Collection entries:
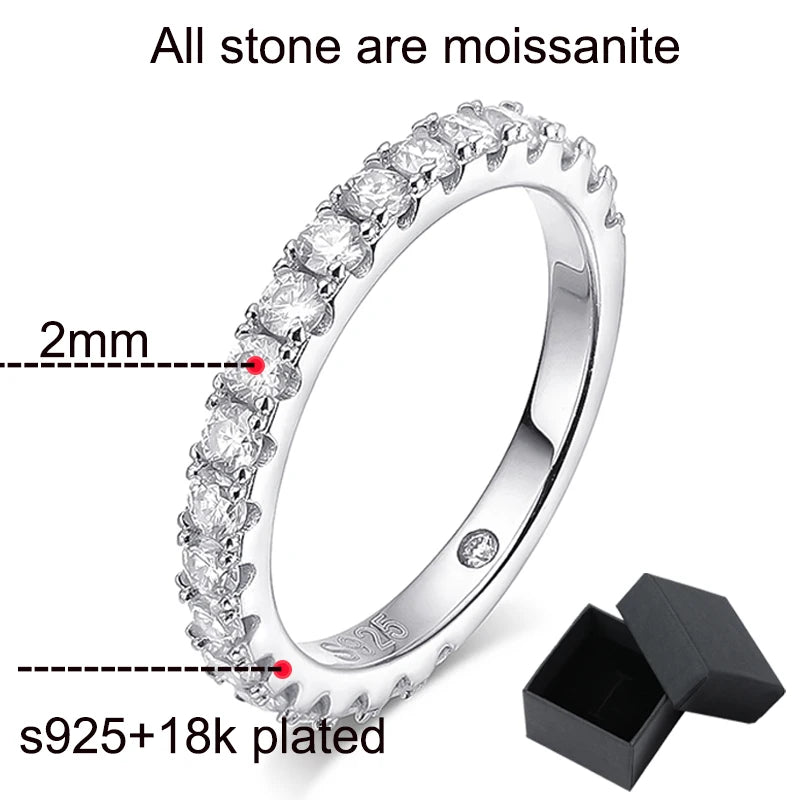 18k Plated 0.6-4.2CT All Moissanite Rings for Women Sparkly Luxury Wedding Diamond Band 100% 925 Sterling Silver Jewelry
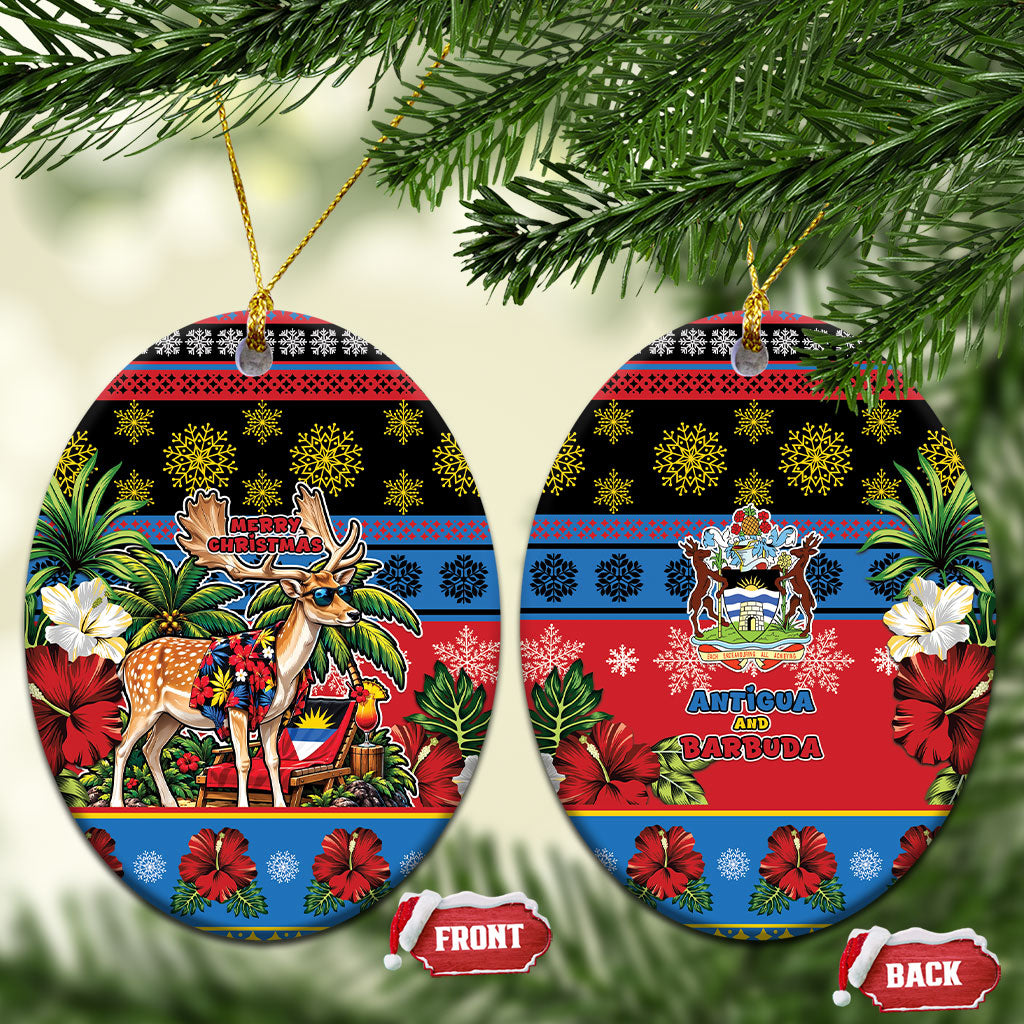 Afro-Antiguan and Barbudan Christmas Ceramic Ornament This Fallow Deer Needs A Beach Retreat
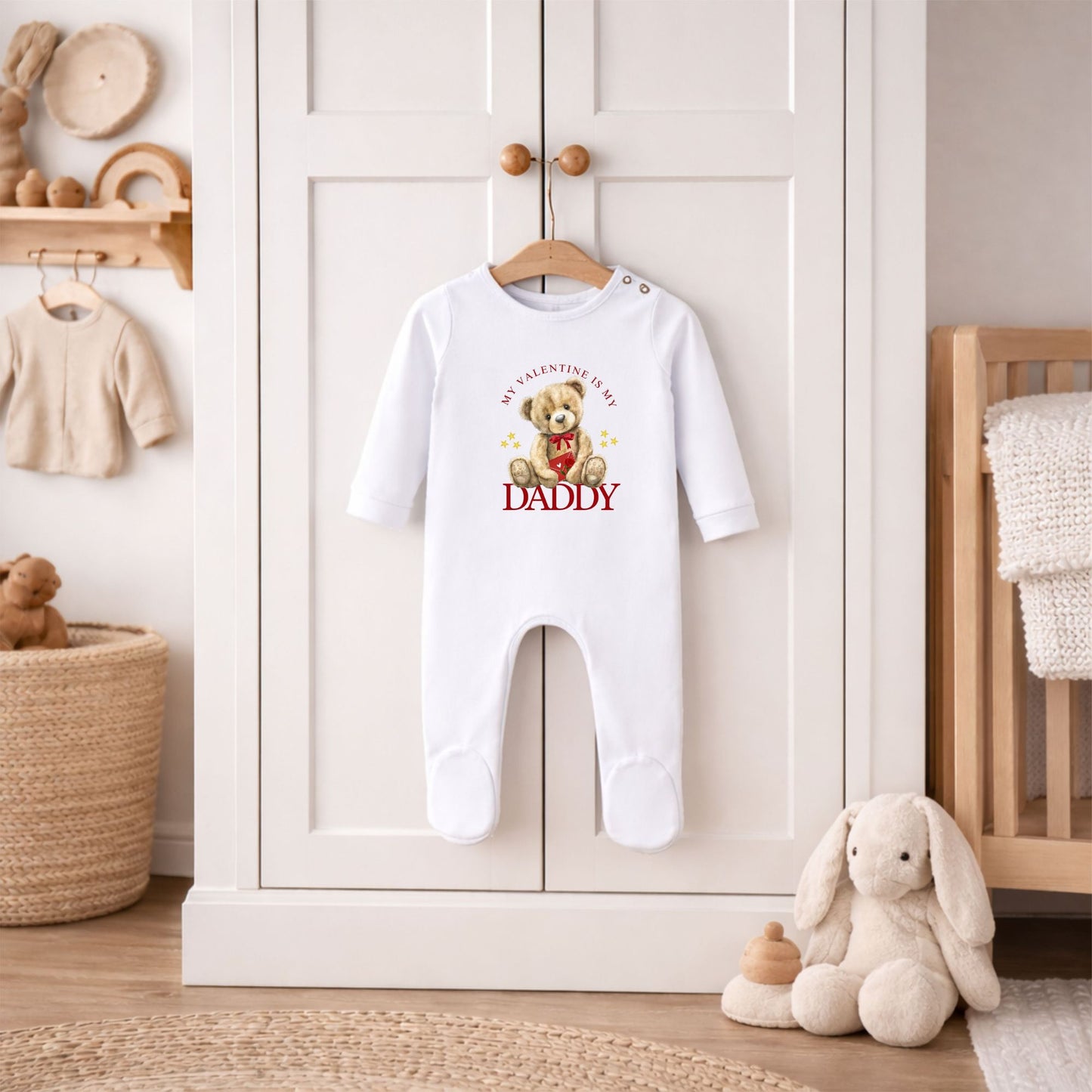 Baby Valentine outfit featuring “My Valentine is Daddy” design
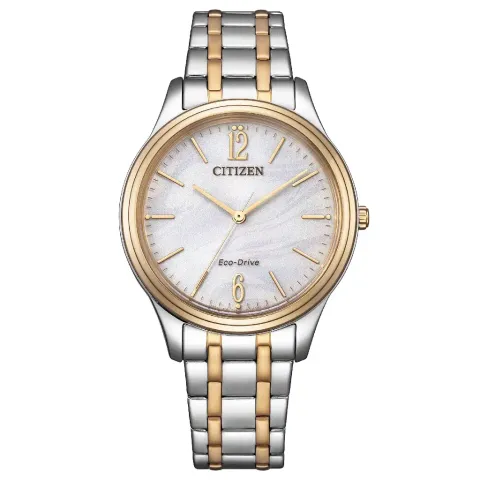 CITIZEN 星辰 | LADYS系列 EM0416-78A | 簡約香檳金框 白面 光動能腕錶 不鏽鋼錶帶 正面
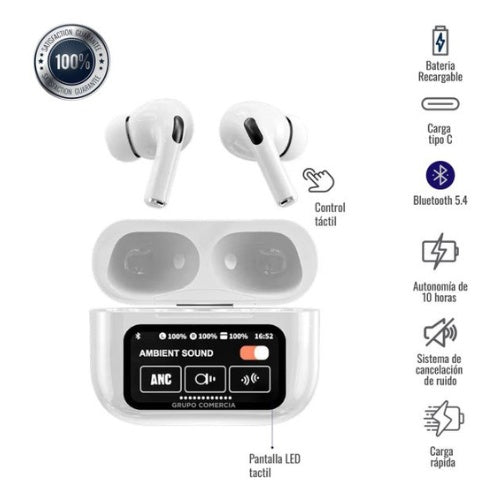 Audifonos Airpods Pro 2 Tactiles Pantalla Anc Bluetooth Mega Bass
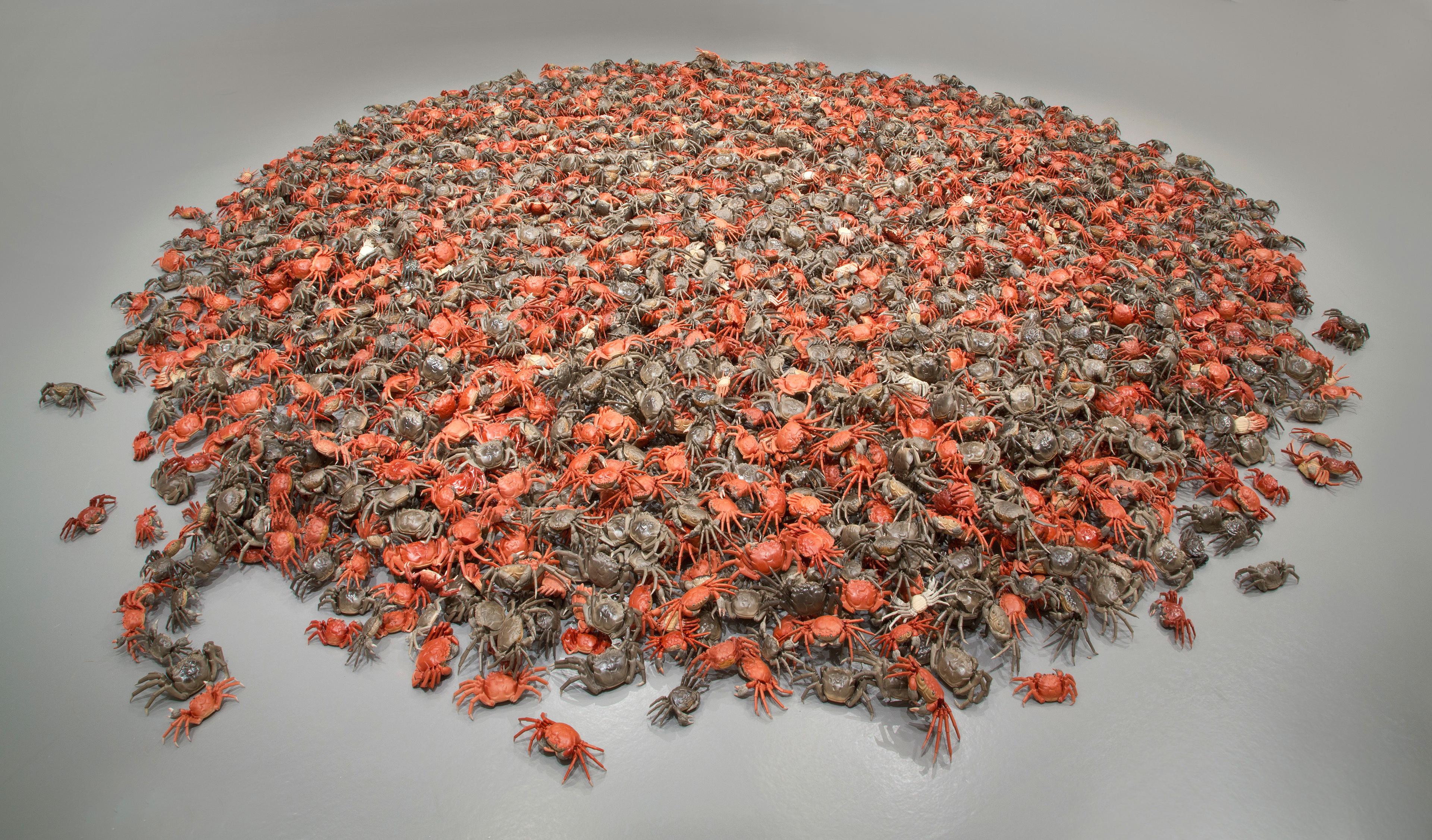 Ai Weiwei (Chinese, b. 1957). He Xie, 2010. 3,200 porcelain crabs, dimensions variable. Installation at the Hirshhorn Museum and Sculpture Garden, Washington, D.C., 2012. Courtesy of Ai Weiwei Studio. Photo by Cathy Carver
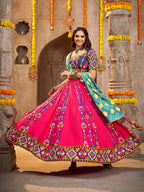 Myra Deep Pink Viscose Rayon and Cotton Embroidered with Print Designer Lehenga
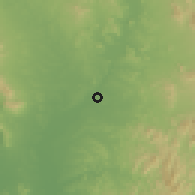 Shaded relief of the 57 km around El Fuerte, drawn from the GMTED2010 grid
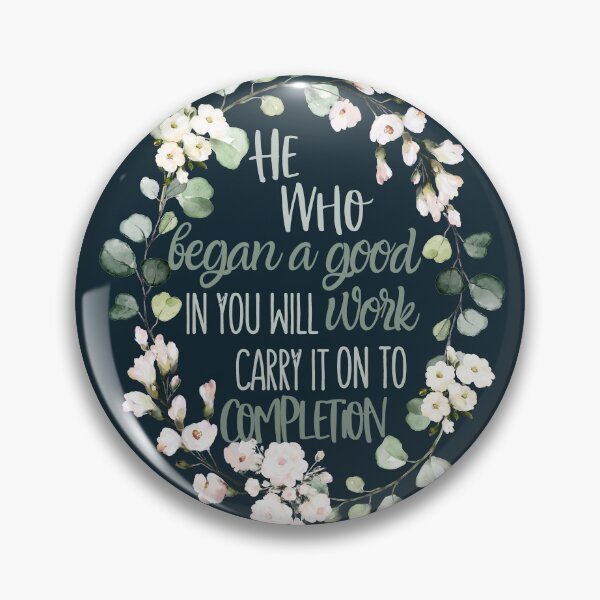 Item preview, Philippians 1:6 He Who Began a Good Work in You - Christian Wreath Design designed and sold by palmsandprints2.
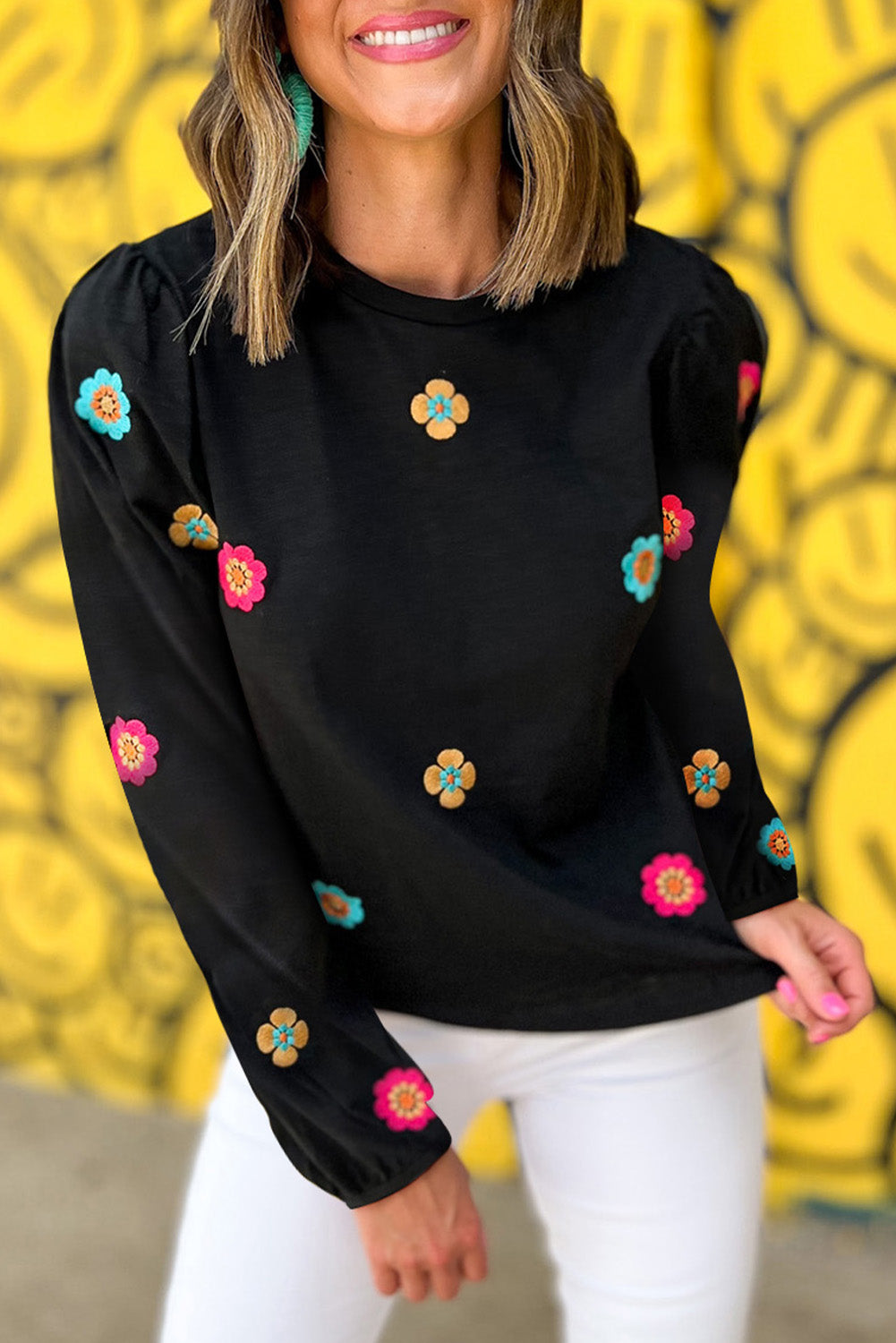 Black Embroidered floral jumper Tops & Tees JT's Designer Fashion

■ BRIEF
An exact copy of the entries above, with no pictures, is the required answer.

■ WRITTEN RESPONSE
 18k Plated 0.6-4.2CT All Moissanite Rings for Women Sparkly Luxury Wedding Diamond Band 100% 925 Sterling Silver Jewelry
 Afro-Antiguan and Barbudan Christmas Ceramic Ornament This Fallow Deer Needs A Beach Retreat
 Baby Valentine outfit featuring “My Valentine is Daddy” design
 CITIZEN 星辰 | LADYS系列 EM0416-78A | 簡約香檳金框 白面 光動能腕錶 不鏽鋼錶帶 正面
 Audifonos Airpods Pro 2 Tactiles Pantalla Anc Bluetooth Mega Bass
 Ai Weiwei (Chinese, b. 1957). He Xie, 2010. 3,200 porcelain crabs, dimensions variable. Installation at the Hirshhorn Museum and Sculpture Garden, Washington, D.C., 2012. Courtesy of Ai Weiwei Studio. Photo by Cathy Carver
 Myra Deep Pink Viscose Rayon and Cotton Embroidered with Print Designer Lehenga
 Shaded relief of the 57 km around El Fuerte, drawn from the GMTED2010 grid
 Item preview, Philippians 1:6 He Who Began a Good Work in You - Christian Wreath Design designed and sold by palmsandprints2.
 Black Embroidered floral jumper Tops & Tees JT's Designer Fashion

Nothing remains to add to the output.